B. Termination Upon March 1, 2001. If the restrictions are enforced
such that Executive is unable to commence or resume her duties by March 1, 2001,
the Agreement is terminated upon that date and Executive will receive and
otherwise not forfeit (a) the sign-on bonus then received under Paragraph 3(D);
(b) any stock granted and vested under the initial stock grant received under
Paragraph 4(D); and (c) the remaining installments of the $750,000 amount
payable under Paragraph 8(A) above. This amount shall be deemed full and final
severance pay for all services provided to Nike by Executive and shall be
Executive's sole and exclusive remedy for termination of this Agreement.

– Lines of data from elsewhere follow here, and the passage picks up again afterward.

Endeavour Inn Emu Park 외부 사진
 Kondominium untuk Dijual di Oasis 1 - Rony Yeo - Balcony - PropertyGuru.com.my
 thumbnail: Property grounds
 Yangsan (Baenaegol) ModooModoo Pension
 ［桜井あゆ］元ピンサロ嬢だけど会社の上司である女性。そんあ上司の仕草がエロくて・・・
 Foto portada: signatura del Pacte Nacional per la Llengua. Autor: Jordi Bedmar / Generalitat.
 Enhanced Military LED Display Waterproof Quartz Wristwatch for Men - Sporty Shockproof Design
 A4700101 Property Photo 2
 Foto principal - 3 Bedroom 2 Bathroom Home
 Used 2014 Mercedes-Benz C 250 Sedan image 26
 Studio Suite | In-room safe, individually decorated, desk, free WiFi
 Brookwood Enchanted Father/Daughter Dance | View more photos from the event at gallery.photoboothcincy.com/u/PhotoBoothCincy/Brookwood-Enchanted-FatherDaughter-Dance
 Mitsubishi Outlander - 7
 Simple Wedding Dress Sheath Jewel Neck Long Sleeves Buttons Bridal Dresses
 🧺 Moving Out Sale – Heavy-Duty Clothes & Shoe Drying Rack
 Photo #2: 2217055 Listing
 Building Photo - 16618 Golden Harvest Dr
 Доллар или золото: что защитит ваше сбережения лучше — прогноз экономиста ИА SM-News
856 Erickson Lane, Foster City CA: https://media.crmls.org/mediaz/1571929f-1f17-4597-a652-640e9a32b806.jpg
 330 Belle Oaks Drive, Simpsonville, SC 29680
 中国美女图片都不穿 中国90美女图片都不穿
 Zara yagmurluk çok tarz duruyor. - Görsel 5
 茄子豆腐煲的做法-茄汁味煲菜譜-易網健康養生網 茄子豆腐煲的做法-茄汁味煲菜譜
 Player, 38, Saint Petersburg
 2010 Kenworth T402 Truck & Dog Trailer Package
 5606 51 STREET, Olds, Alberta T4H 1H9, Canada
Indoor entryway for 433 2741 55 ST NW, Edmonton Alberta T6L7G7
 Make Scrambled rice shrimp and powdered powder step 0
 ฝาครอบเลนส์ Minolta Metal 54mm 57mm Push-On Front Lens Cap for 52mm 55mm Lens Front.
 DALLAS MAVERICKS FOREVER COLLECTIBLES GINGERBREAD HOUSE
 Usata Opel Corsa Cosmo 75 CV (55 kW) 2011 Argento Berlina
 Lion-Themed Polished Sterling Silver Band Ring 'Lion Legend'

C. Mitigation. In the event Executive becomes eligible for payments
under Paragraph 8(A), Executive shall not have a duty prior to March 1, 2001 to
mitigate or to seek employment elsewhere as a condition to receiving such
payments. Such payments shall in no event be reduced prior to March 1, 2001 by
any income earned by Executive from employment or self-employment. After March
1, 2001, Executive shall use her best efforts to obtain employment in a position
consistent with Executive's obligations under Paragraph 7. Any interim earnings
from such employment by Executive from March 1, 2001 forward will be offset from
Nike's obligation to pay compensation under Paragraphs 8(A) and 8(B).
9. TERMINATION.
A. For Cause: Nike may terminate Executive's employment for cause at
any time after delivering written notice to Executive. For purposes of this
Employment Agreement, cause shall include (i) Executive's substantial continual
and repeated neglect of material duties specified hereunder or hereafter
conveyed to Executive and consistent with her position and senior executive
status, which is not cured following thirty days after receipt of written notice
from Nike specifying such neglect and demanding a cure thereof; (ii) acts of
material dishonesty; (iii) Executive's conviction for, or plea of nolo
contendere to, a felony crime; or (iv) Executive's material violation of any
material term or condition of this Agreement, which is not cured following
thirty days after receipt of written notice from Nike specifying such breach and
demanding a cure thereof. Nike may not terminate Executive for cause without the
approval of a quorum of the Personnel
Committee of the Board and written notice of same to Executive. Executive's
failure to perform her duties and obligations under this Agreement because of
incapacity due to illness or accident will not be considered a cause to
terminate Executive. Upon termination for cause, the obligations of Nike to
Executive hereunder shall cease and Executive shall not be entitled to any
severance payments, except that the parties agree that Executive will receive
and otherwise not forfeit (a) any base salary paid, accrued or owing under
Paragraph 3(A); (b) any sign-on bonus then received under Paragraph 3(D); (c)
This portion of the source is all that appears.